When I first arrived at Minot I was treated as an outsider. I was told what I needed to know before going out to an ICBM site. I was basically thrown to the wolves, so to speak. Needless to say, I totally screwed up my first site inspection of an alarm call. The flight sergeant chewed my ass like a piece of gum. My mentor didn't correct me, didn't teach me anything. My flight sergeant, when asked how I could improve, did basically the same thing - there may be other issues behind his actions, though.

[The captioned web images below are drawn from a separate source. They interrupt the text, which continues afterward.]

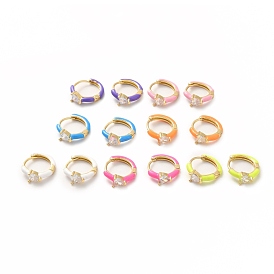 Clear Cubic Zirconia Heart Hoop Earrings with Enamel, Real 18K Gold Plated Brass Hinged Earrings for Women, Cadmium Free & Lead Free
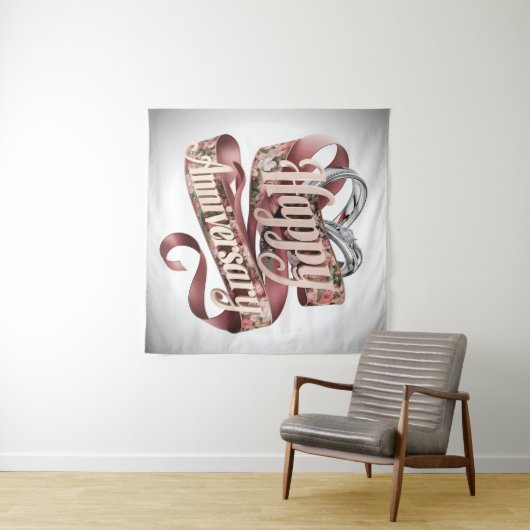 Happy Wedding Jubiläumsband Wandteppich (Beispiel (Horizontal))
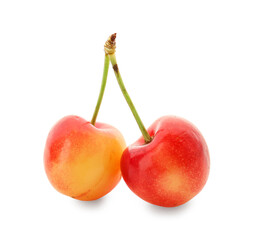 Sweet yellow cherries on white background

My original mentor has been assigned TDY during my hiatus between tech school & assignment, so I was picked up by another mentor that didn't really want me "tagging along". I felt like I was run out of the squad. I ended up getting reassigned to the armory where I excelled. I had leadership that mentored me & gave me responsibilities that pushed my perceived limits.

As a civilian police officer, I became an FTO (Field Training Officer). I took those lessons learned from the Air Force & implemented them in my training style. I made the new officer fresh from academy feel as though they were wanted. I gave them just enough responsibility to push them until they could handle more. The last thing I wanted to do was to alienate them or make them feel as if they were outsiders.

The most difficult aspect would be accepting new recruits "into the fold". If this is not done, they are chased away & can become the weak link in the chain of your squad/flight.